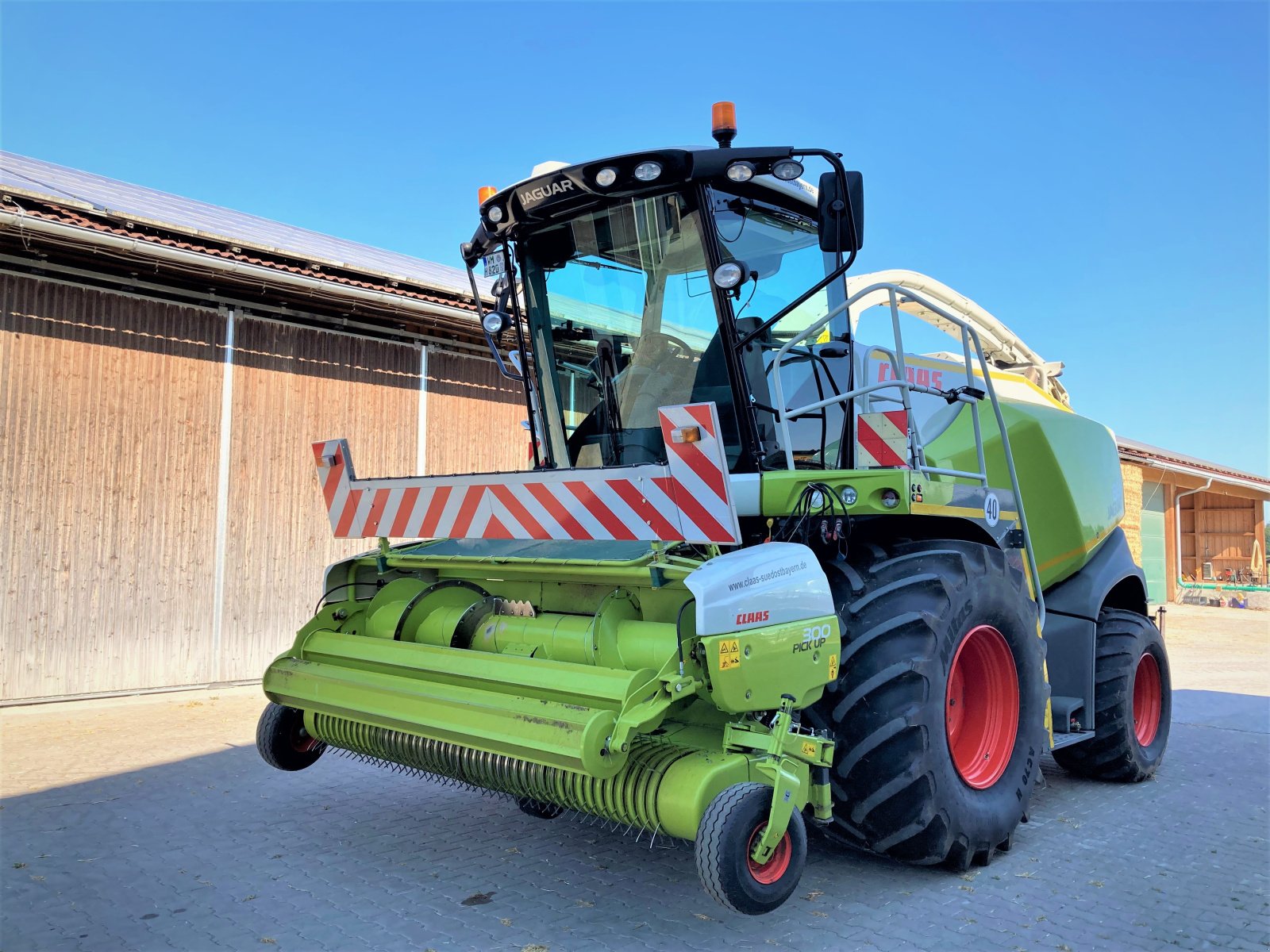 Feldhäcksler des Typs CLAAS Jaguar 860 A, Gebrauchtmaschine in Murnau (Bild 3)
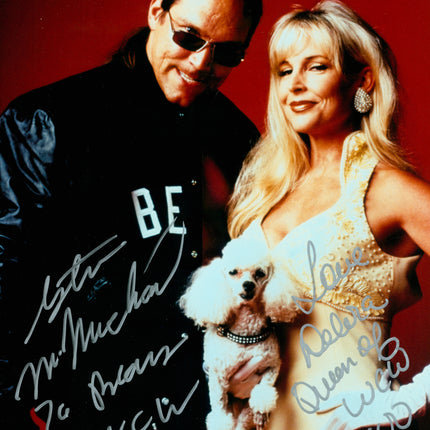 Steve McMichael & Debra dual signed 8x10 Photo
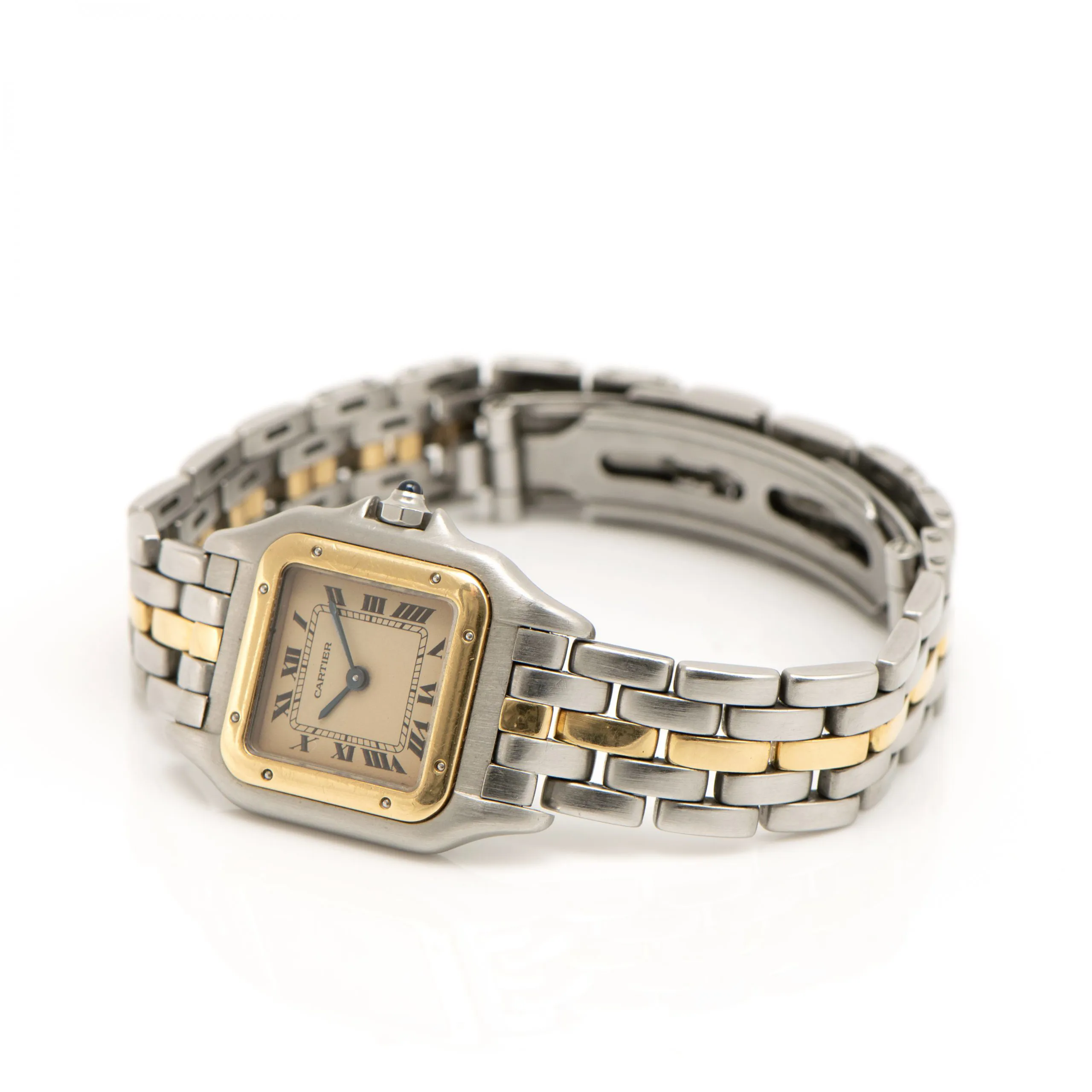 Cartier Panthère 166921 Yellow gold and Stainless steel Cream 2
==
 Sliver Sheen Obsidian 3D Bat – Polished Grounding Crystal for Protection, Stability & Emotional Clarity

→ What you need to do: Taking the material above, give again exactly the lines from the one holding "Feldhäcksler des Typs" through the one holding "Cartier Panthère 166921", with both ends and without pictures.

→ Answer area:
 Feldhäcksler des Typs CLAAS Jaguar 860 A, Gebrauchtmaschine in Murnau (Bild 3)
 Steve McMichael & Debra dual signed 8x10 Photo
 Cartier Panthère 166921 Yellow gold and Stainless steel Cream 2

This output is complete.